Industrial CNC Machining Applications
Subtractive manufacturing is the most common machining method used in manufacturing applications, employing tools to remove material from a workpiece. This technique is often used in CNC applications, from grinding to milling, to remove material from metals, woods, and plastics. Alternatively, additive manufacturing, or 3D printing, involves the continuous adding of a material to form a final, physical 3D object.
Both methods employ CNC programming methods to control the tooling that ultimately shapes the workpiece. Virtually any industry that has a machine shop utilizes CNC machining to create parts from raw materials or fabricate metals into components. A range of industries, including the automotive, aerospace, power generation, marine, and transportation sectors, use CNC machining technology to bring about increased precision, efficiency, and quality.
Equipment Making Use of CNC Programming
In CNC milling applications, drilling and cutting are dictated by the CNC control equipment, providing the necessary steps and machine performance settings to achieve successful operations on metals, polymers, and other materials.
CNC lathes use a computer program to dictate the turning operations of the workpiece, regulating machine performance, coolant feeds, speeds, tool offsets, and more on metals, woods, and plastics.

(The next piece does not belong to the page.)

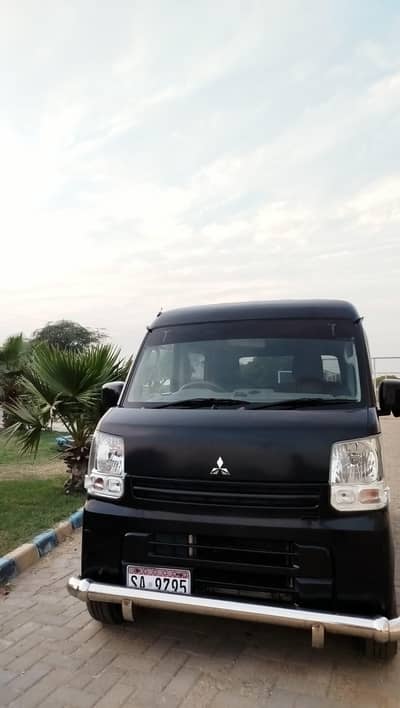mitsubishi minicab car for sale in good price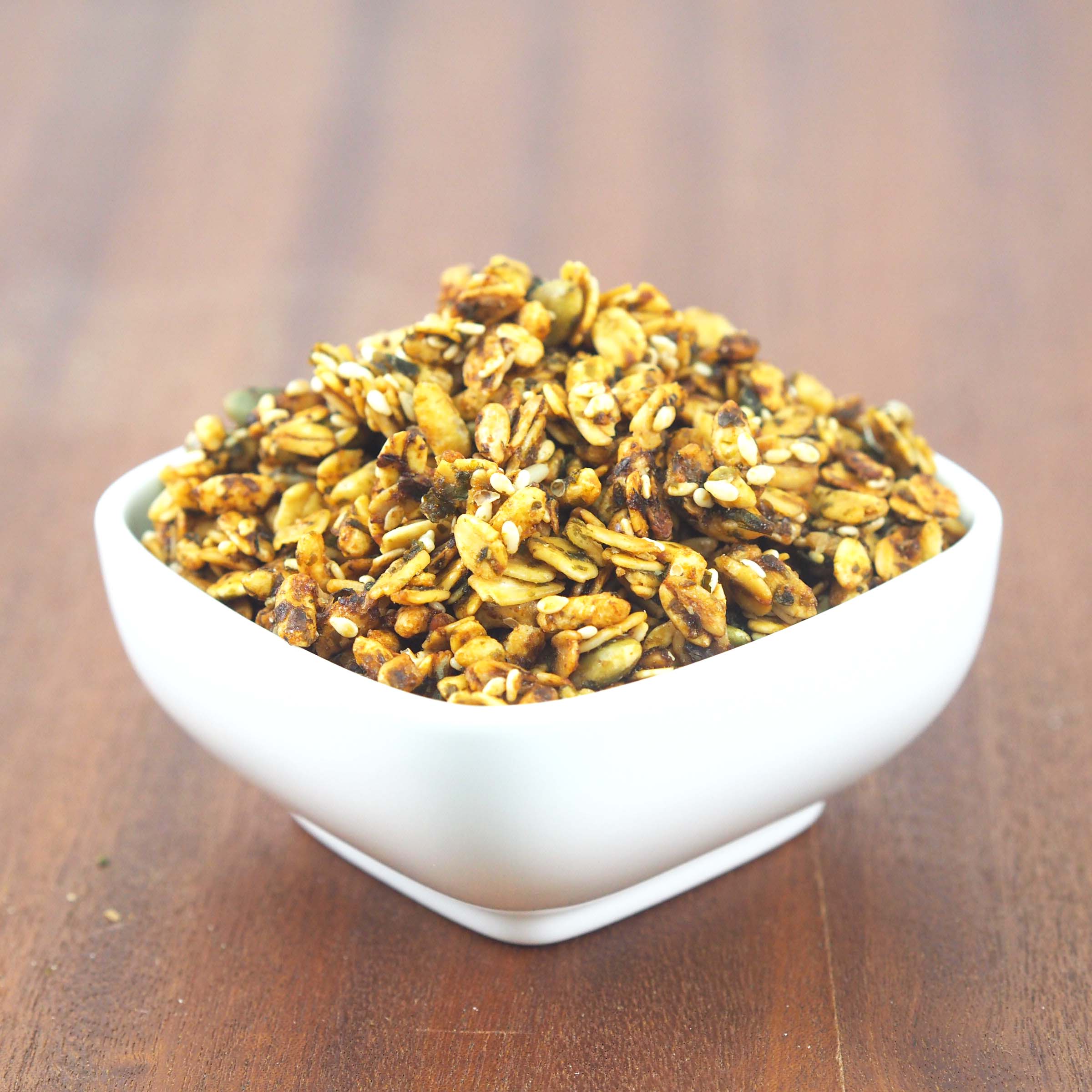 Miso Nori Granola (50% OFF) Clearance Sale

With high-temperature plasma cutters, a CNC program communicates with the equipment to move the plasma cutting head along 2D space, regulating cutting, plasma output, position, and more.
Routers use CNC technology to perform various tasks such as the carving, cutting, and trimming of materials into 3D shapes, all dictated by the G-code instructions interpreted through the CNC equipment.
Similar to plasma cutters, CNC laser cutters automate the cutting process along 2D shapes, regulating the equipment for optimal performance.
Most 3D printers utilize CNC programming to command the print head to move along the build surface, constructing 3D objects according to directional steps and commands provided by the G-code.
The Value of CNC Machining
The use of CNC equipment across industry has helped to optimize a huge range of manufacturing capabilities, ensuring repeated precision on mass-produced parts and equipment. In fact, the universal machining language can be incorporated into virtually any type of heavy machine tool. Software-driven machining helps maintain superior accuracy, high production quality, and reliable consistency for various products and components. It also lowers costs and allows factories to meet higher production demands.
As companies increasingly embrace industrial automation, CNC machining tools are being used to help reduce costs and increase production tempo. Plus, highly precise tolerances can be repeatedly achieved with CNC machining, helping small and large businesses alike compete and allowing the flexibility to work with almost any material.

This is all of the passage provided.